Carry none of the pictures over; write out the complete data exactly.

### DATA PROVIDED ###

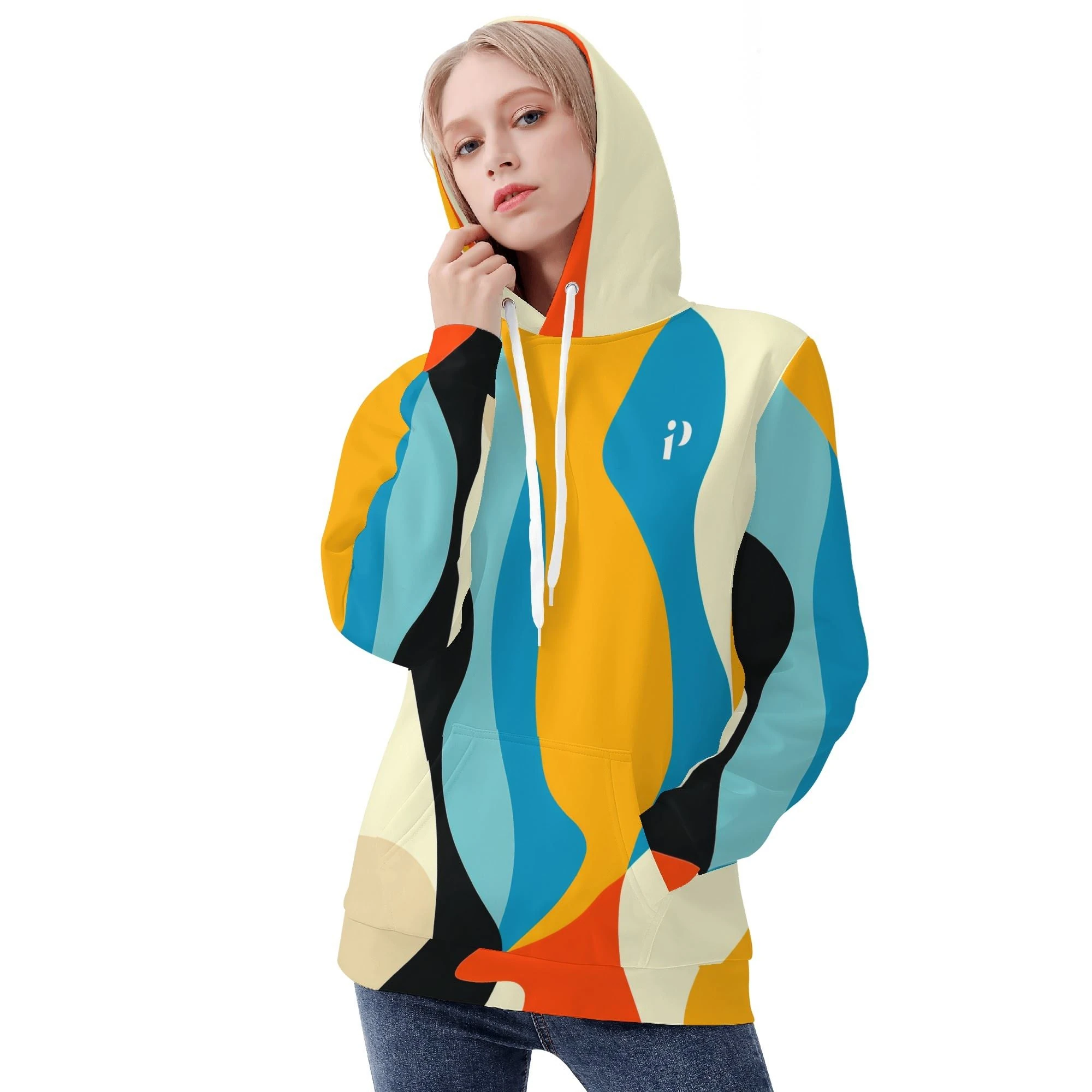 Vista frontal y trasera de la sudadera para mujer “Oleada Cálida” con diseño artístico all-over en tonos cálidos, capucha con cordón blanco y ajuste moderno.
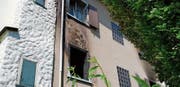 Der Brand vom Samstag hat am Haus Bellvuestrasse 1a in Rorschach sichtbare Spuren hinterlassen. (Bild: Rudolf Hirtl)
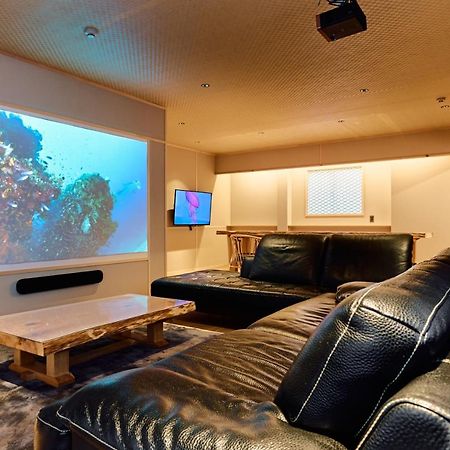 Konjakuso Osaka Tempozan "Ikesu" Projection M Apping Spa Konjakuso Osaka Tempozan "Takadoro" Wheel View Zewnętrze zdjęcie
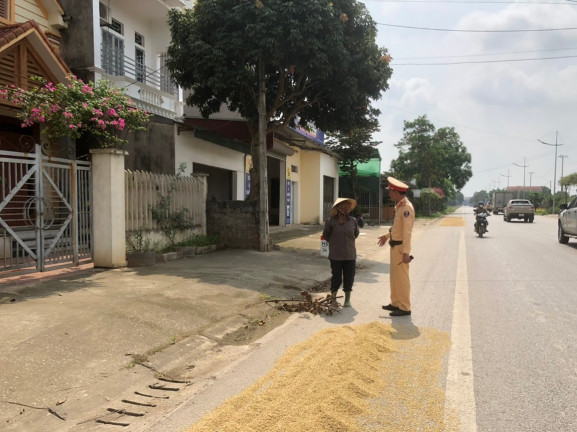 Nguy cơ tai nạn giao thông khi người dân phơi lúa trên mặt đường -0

###

[PROBLEM SOLUTION]:
 Vista frontal y trasera de la sudadera para mujer “Oleada Cálida” con diseño artístico all-over en tonos cálidos, capucha con cordón blanco y ajuste moderno.
 Der Brand vom Samstag hat am Haus Bellvuestrasse 1a in Rorschach sichtbare Spuren hinterlassen. (Bild: Rudolf Hirtl)
 Konjakuso Osaka Tempozan "Ikesu" Projection M Apping Spa Konjakuso Osaka Tempozan "Takadoro" Wheel View Zewnętrze zdjęcie
 Nguy cơ tai nạn giao thông khi người dân phơi lúa trên mặt đường -0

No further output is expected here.